‘National Security’ Too Vague in Immigration FOIA Case

     (CN) – Immigration officials must provide more detail on why they withheld certain documents relating to the ACLU’s concerns that Muslim and Arab immigrants are treated differently than other applicants, a federal judge ruled Wednesday.
     Although the U.S. Citizenship and Immigration Services adequately explained how the release of some of the documents requested by the ACLU could create national security risks, the government lacked specificity with respect to other documents, U.S. District Judge Tanya Chutkan found.
     The ACLU issued a Freedom of Information Act request to Immigration Services in May 2012 seeking records relating to “policies for the identification, vetting and adjudication of immigration benefits applications with national security concerns” and statistical information related to the processing of benefits applications.
     Underlying the request was the ACLU’s concern that Muslim, Arab, Middle Eastern and South Asian immigrants are treated differently than other applicants when they seek naturalization and other immigration benefits.
     Immigration Services withheld a number of documents under the law enforcement exemption, stating that revealing the records would risk circumvention of the law and could create a national security risk.
     Although Immigration Services is primarily engaged in civil administration and not law enforcement, national security concerns do play an important role in the agency’s policies and procedures, Chutkan said.
     Immigration Services is, therefore, considered a “mixed-function agency” and its law enforcement exemption claims must be analyzed with some skepticism, the judge said.

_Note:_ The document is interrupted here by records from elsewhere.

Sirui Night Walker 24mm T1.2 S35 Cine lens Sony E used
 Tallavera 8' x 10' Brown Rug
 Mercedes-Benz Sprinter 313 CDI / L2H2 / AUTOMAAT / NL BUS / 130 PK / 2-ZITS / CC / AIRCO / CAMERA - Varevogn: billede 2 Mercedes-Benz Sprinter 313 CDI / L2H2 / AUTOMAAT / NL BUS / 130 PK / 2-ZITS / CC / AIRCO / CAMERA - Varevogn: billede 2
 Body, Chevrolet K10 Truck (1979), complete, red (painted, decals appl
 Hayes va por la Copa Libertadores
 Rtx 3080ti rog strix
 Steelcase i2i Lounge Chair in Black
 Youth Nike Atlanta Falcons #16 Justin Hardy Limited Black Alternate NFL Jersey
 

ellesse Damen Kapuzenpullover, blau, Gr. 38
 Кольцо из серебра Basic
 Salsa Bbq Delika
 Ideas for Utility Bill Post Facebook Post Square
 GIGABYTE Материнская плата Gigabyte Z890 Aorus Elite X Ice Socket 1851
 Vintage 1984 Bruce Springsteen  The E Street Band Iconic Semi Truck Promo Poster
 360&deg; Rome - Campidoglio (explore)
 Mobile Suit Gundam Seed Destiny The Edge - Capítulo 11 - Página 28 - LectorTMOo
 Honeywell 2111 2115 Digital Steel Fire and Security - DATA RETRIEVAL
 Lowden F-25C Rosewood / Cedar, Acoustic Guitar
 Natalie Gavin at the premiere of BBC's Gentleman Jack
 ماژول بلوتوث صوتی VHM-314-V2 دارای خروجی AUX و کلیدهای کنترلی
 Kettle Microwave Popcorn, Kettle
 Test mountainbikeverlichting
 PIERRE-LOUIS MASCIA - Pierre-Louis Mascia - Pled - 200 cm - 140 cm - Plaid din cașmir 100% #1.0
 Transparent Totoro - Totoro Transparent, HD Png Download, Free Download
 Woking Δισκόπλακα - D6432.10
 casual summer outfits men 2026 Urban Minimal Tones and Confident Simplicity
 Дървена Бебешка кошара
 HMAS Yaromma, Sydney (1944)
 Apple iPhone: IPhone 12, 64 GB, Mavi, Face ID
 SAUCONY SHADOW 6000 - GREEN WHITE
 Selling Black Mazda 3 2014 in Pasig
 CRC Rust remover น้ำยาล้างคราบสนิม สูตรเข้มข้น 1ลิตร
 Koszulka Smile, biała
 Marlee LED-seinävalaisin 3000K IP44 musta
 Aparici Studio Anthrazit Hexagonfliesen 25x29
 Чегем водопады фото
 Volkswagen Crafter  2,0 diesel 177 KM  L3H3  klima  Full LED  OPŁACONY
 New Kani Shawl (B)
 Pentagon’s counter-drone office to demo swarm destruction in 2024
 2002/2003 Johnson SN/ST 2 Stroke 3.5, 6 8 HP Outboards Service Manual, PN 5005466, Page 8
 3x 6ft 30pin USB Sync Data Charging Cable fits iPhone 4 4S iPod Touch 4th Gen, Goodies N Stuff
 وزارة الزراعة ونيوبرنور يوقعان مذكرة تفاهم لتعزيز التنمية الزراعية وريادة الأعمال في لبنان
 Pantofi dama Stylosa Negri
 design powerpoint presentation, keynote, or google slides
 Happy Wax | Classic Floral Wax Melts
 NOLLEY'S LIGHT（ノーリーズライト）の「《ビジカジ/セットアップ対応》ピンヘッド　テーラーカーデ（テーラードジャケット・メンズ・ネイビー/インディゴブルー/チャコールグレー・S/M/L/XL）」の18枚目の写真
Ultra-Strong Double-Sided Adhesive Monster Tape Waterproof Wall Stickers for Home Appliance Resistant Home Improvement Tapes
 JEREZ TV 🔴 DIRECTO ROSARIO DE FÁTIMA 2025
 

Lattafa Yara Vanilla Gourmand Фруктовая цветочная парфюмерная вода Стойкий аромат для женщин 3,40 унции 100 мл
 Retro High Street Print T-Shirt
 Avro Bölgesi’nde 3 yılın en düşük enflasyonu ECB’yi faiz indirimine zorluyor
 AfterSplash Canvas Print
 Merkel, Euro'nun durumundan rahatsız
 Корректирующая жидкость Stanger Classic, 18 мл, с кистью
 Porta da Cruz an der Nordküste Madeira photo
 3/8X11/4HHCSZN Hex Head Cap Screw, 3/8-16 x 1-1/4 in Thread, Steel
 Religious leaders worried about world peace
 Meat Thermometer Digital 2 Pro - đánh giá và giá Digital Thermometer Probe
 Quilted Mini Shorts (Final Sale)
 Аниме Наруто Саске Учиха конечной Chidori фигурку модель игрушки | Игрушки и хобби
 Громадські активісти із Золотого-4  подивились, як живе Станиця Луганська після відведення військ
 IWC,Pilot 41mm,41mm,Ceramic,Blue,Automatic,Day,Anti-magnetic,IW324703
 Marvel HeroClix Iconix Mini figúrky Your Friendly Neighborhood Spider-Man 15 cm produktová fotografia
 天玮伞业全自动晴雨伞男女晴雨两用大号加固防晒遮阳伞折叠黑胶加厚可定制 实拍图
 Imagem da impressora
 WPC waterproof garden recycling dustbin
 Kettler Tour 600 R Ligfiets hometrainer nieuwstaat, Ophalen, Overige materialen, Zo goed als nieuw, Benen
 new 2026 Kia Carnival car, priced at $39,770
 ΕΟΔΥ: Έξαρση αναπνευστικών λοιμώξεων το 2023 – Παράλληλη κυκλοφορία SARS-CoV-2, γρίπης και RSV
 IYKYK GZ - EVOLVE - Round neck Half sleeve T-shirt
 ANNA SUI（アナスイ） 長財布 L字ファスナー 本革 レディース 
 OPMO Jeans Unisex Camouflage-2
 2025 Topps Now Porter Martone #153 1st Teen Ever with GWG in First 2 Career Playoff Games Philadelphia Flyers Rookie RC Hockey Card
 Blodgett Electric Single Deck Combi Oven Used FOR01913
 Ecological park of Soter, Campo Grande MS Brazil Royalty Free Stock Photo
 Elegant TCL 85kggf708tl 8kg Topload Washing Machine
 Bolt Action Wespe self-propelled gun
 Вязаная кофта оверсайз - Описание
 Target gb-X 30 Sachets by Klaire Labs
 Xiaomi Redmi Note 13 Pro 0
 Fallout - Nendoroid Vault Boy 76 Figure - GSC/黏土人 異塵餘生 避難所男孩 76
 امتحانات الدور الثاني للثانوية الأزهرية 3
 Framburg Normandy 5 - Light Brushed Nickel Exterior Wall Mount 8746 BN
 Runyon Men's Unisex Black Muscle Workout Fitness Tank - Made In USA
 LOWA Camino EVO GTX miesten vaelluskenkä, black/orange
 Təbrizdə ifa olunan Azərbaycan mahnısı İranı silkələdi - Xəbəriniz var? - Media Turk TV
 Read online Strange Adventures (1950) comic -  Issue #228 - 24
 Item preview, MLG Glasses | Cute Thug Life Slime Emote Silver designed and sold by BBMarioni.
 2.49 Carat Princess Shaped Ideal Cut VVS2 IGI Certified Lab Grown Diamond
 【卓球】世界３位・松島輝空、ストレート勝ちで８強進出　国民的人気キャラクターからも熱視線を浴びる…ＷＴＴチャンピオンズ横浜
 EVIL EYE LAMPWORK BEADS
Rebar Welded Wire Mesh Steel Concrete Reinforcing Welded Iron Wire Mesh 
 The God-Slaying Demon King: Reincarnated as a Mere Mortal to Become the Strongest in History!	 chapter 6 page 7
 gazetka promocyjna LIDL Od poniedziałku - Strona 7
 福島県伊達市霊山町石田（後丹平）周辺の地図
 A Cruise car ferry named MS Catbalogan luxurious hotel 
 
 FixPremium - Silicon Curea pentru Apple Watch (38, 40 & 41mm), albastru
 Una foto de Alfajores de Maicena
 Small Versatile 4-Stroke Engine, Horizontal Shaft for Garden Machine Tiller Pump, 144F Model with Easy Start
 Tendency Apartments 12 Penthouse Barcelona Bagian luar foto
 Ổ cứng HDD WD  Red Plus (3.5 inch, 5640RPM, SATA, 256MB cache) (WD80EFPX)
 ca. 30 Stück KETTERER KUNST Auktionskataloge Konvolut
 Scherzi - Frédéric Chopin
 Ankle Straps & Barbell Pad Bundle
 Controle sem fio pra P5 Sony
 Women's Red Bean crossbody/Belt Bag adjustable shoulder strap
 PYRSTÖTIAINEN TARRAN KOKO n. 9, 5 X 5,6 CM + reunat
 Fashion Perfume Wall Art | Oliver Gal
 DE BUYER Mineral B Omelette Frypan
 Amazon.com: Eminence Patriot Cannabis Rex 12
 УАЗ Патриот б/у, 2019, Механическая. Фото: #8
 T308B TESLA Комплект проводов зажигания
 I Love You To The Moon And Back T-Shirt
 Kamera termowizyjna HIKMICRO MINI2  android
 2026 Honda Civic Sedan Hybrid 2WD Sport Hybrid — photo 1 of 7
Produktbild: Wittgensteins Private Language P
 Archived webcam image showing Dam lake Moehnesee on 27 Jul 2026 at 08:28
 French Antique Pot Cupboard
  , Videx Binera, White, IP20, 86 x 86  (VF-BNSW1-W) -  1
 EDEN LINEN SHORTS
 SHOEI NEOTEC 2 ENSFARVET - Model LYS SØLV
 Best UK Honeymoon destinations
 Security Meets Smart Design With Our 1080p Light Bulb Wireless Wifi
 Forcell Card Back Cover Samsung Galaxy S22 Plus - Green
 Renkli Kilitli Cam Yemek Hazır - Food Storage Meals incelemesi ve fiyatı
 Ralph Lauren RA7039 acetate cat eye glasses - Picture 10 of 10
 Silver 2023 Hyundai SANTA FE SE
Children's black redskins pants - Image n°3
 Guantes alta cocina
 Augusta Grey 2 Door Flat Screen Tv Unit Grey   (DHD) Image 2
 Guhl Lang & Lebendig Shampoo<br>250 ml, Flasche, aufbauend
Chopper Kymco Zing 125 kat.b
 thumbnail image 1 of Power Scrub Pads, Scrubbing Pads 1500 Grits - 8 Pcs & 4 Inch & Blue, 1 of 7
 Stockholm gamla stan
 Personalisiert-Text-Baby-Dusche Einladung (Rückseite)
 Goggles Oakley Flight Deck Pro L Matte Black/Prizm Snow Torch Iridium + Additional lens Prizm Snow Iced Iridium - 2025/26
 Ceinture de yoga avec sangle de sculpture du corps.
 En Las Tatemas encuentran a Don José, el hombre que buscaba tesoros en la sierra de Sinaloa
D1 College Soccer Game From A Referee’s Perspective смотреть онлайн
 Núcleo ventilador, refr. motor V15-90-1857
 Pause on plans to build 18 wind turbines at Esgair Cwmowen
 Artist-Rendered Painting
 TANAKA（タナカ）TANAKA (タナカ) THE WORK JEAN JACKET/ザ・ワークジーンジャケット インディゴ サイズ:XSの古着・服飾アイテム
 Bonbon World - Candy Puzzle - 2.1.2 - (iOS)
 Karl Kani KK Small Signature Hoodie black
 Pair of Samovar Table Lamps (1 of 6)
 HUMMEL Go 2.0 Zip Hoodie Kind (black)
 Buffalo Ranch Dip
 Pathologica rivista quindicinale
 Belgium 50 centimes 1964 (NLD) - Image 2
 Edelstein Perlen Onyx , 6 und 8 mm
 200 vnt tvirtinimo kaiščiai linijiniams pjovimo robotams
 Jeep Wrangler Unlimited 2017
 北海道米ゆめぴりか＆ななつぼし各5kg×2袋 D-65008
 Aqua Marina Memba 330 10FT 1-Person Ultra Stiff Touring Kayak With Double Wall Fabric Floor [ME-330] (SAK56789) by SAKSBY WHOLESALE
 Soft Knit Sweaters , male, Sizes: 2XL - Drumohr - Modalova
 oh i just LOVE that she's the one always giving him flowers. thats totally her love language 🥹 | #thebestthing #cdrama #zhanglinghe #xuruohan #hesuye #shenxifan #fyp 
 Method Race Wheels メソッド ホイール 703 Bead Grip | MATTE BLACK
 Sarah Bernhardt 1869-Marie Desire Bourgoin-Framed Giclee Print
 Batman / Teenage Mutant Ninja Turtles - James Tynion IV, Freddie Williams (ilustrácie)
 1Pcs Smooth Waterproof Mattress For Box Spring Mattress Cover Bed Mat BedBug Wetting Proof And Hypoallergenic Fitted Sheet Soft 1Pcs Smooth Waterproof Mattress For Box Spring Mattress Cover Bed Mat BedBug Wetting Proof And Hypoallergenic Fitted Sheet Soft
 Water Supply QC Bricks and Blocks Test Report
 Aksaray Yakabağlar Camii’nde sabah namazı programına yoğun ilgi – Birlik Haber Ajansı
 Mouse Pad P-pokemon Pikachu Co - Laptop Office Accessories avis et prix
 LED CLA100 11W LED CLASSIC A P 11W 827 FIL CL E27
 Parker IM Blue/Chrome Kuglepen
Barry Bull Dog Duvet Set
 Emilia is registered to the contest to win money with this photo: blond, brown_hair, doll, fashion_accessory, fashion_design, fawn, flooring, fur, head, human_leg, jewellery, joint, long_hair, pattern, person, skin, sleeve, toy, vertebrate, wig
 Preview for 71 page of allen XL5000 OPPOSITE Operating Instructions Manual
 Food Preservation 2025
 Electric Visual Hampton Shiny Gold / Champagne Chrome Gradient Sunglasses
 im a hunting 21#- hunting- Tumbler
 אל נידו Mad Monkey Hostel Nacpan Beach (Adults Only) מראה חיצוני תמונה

     The government provided sufficient justification for withholding some of the documents. For example, Immigration Services stated that if one of the documents requested by the ACLU were to be disclosed, it would show an immigration applicant “how to avoid certain words or behaviors that assist USCIS officers in identifying a potential national security concern.”
     Chutkan found it “particularly puzzling” that for other documents there was “no explanation of how the information, if released, could risk circumvention of the law, no explanation of what laws would purportedly be circumvented, and little detail regarding what law enforcement purpose is involved (other than vague references to ‘national security concerns.’).”
     “This is not enough to justify withholding records under the FOIA,” the judge said.
     Chutkan ruled that the government need not turn over the records in which it adequately explained the security risks. However, Immigration Services must provide additional information behind its reasoning for withholding the remaining documents.
     The agency implied during oral argument that providing such information might be untenable because it would reveal the very information Immigration Services sought to withhold.
     Although “puzzled by this explanation given USCIS’s ability to provide adequate descriptions for some of the withheld documents,” Chutkan said that the agency can move the court for leave to file the information in camera.